**Problem statement**
Transcribe nothing except the lines below that run from the one with "Подложка за мишка" to the one with "Chuck Taylor All", ends included, and do not copy any picture.

**Provided records**
----
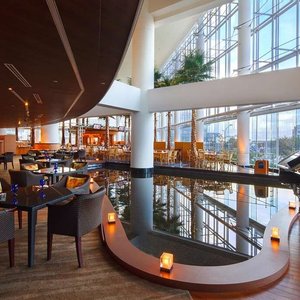 The Yokohama Bay Hotel Tokyu in Minatomirai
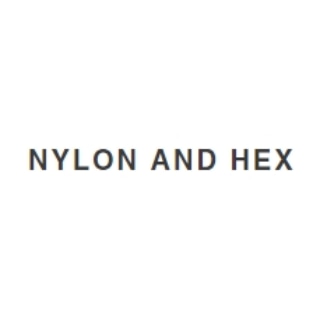 Shop Nylon and Hex logo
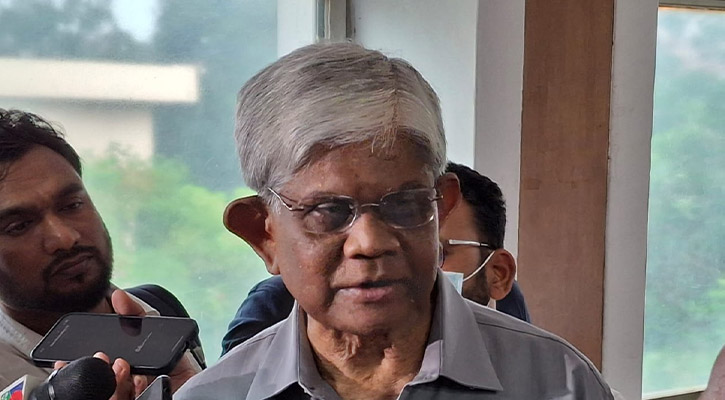 আন্দোলনকারীরা ‘শাটডাউন’ করুক, কোনো বৈঠক হবে না: অর্থ উপদেষ্টা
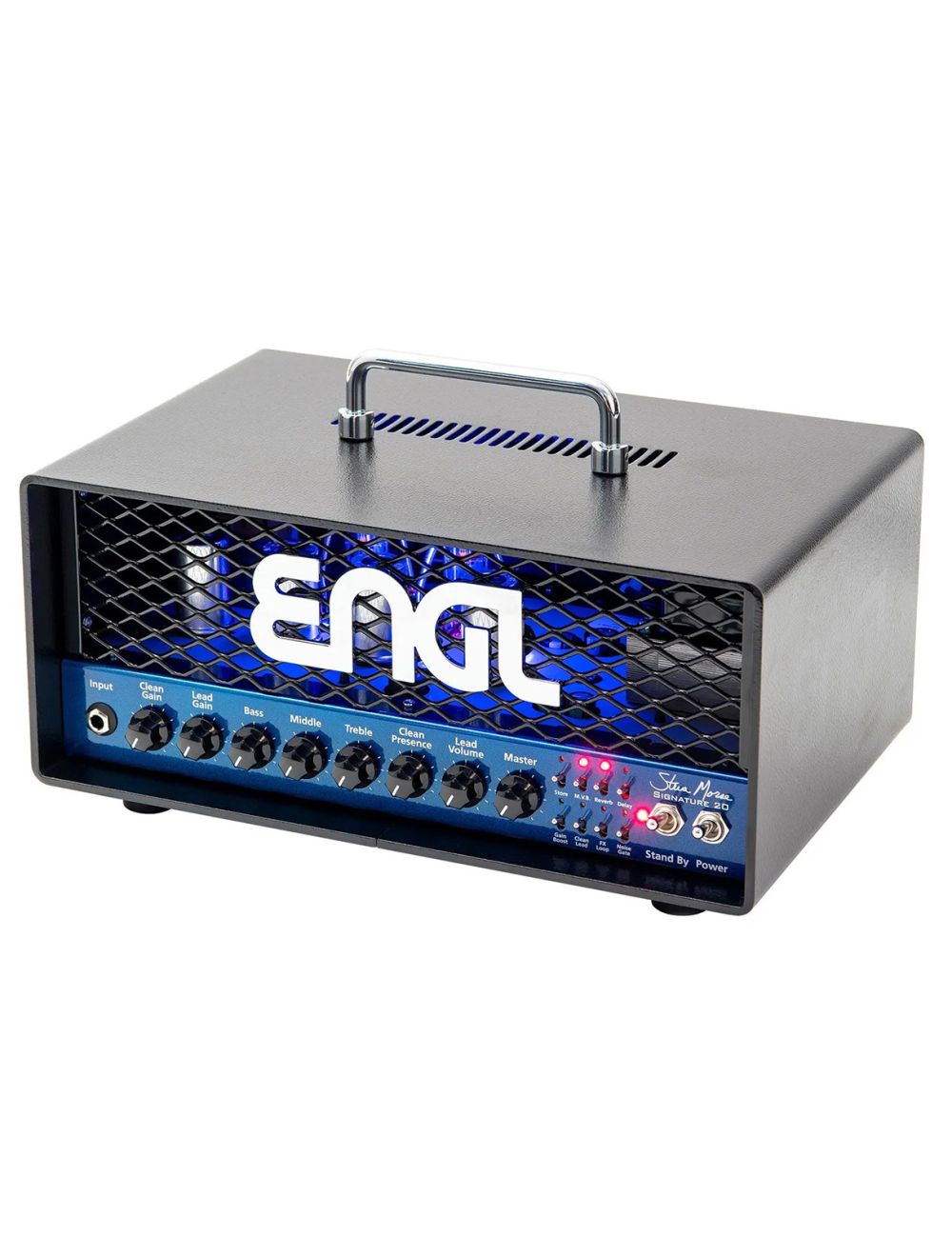ENGL E658 Steve Morse Signature 20 20-Watt Tube Guitar Head - Open Box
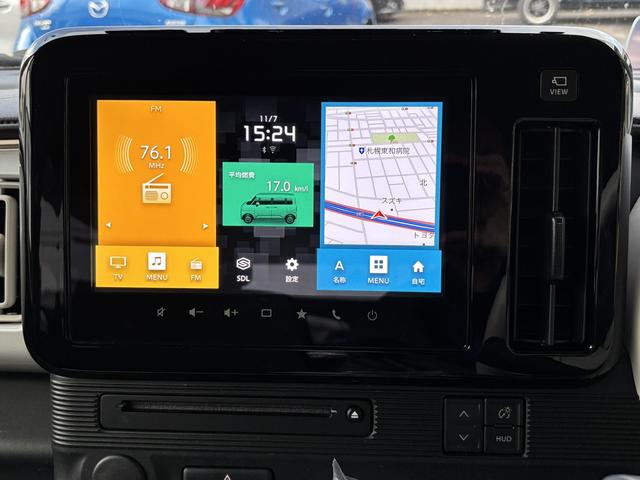 ワゴンRスマイル ハイブリッドS 4WD ☆セーフティプラス&ナビパッケージ☆(15枚目)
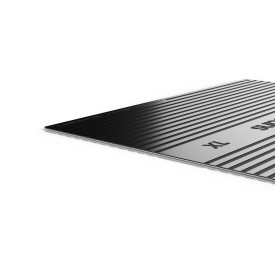 Подложка за мишка Superglide Gaming Glass Mousepad Superglide Pad v2 XL White, Стъкло - 490 x 420 мм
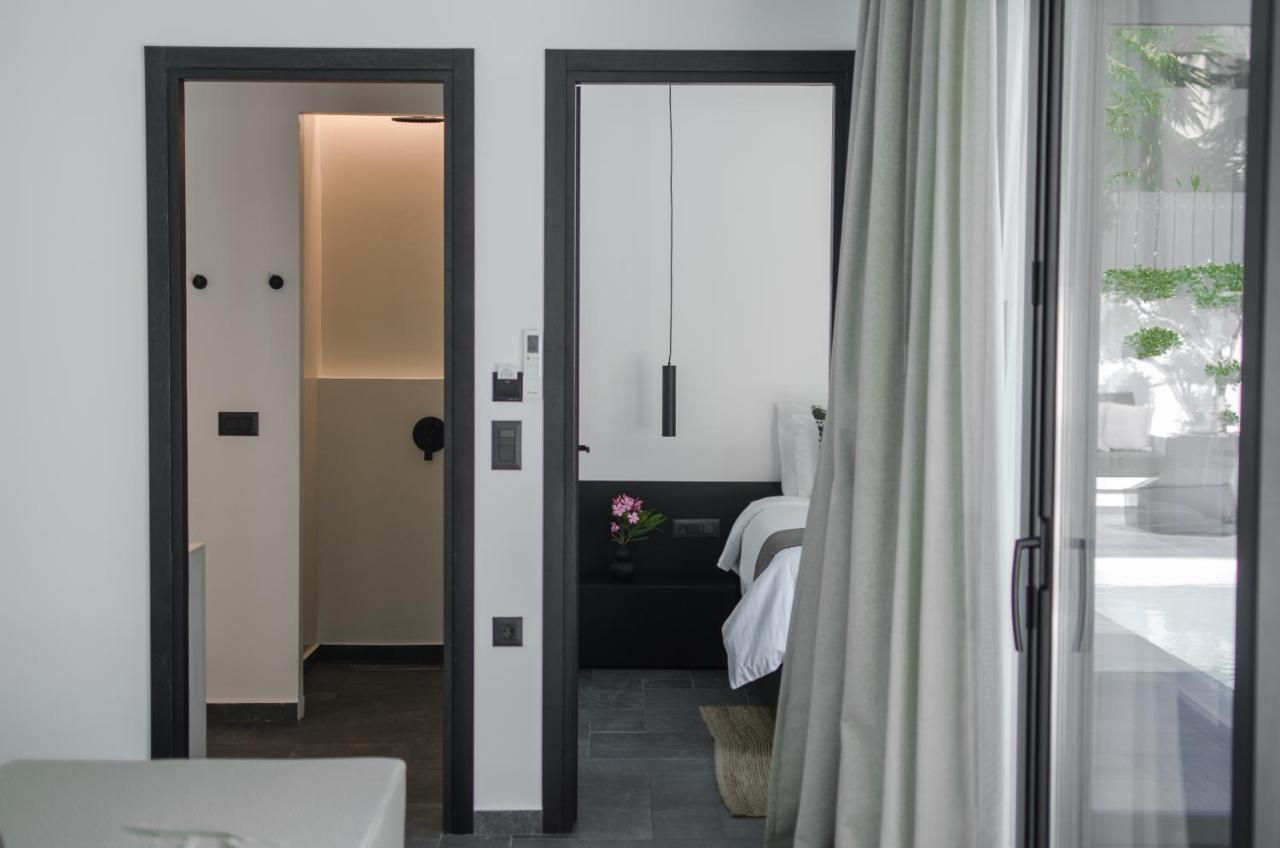 Hygge Suites Khersónisos Eksteriør bilde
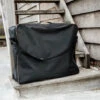 Kentucky Horsewear Saddle Pad Bag Black -Equestrian Supplies 1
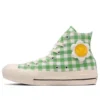 Chuck Taylor All Star PLTS Flowerpatch High Top „Green“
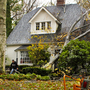 A tree service worker prepares to remove a giant oak tree limb that fell onto the roof of Charles Edamala's home in Elkins Park, Pa., during Superstorm Sandy. A tree service worker prepares to remove a giant oak tree limb that fell onto the roof of Charles Edamala's home in Elkins Park, Pa., during Superstorm Sandy.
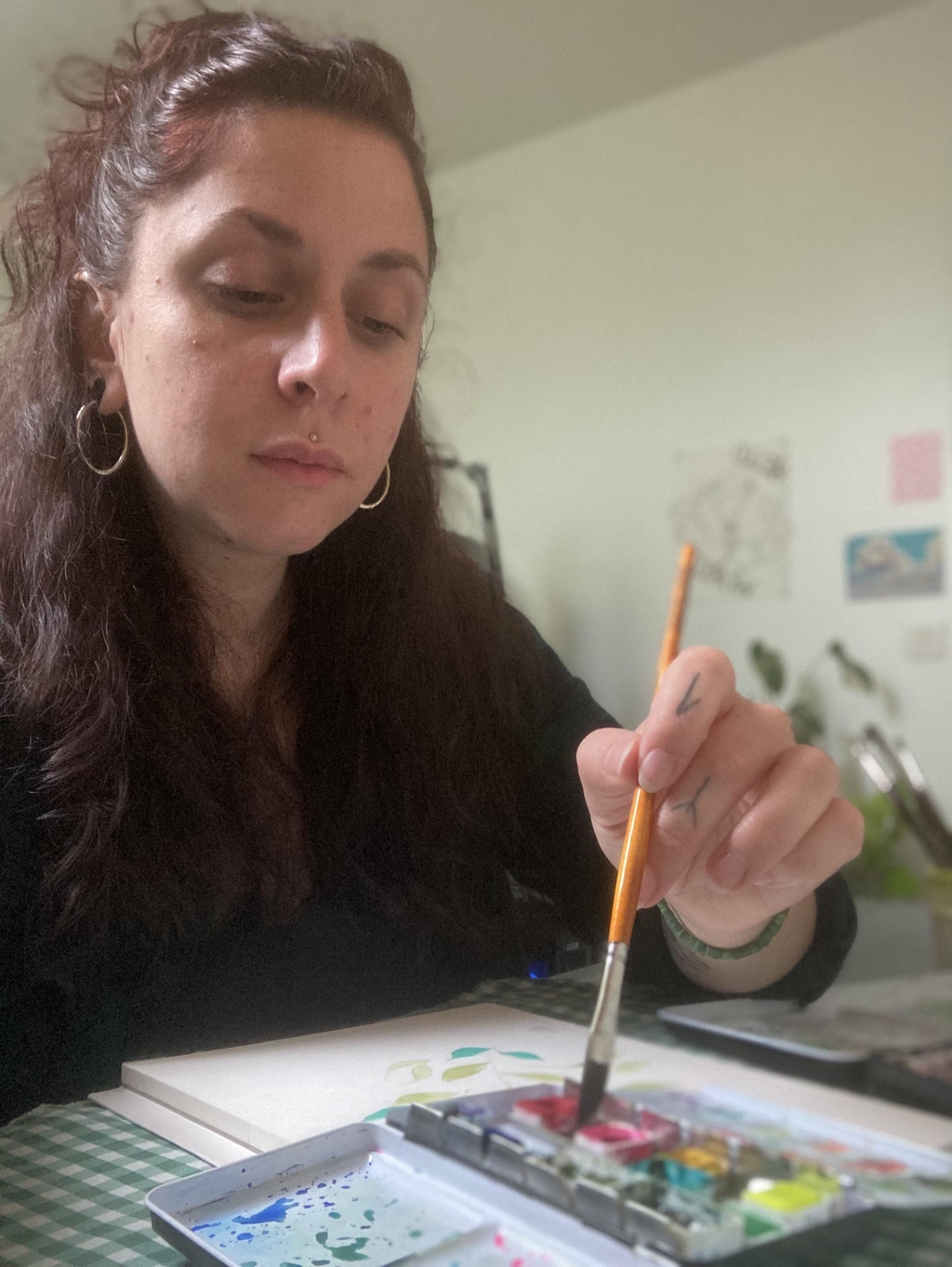 Liv Aquarelle, c'est qui ?
Qui suis-je ?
----
**Solution to this problem**
 Подложка за мишка Superglide Gaming Glass Mousepad Superglide Pad v2 XL White, Стъкло - 490 x 420 мм
 Hygge Suites Khersónisos Eksteriør bilde
 Kentucky Horsewear Saddle Pad Bag Black -Equestrian Supplies 1
 Chuck Taylor All Star PLTS Flowerpatch High Top „Green“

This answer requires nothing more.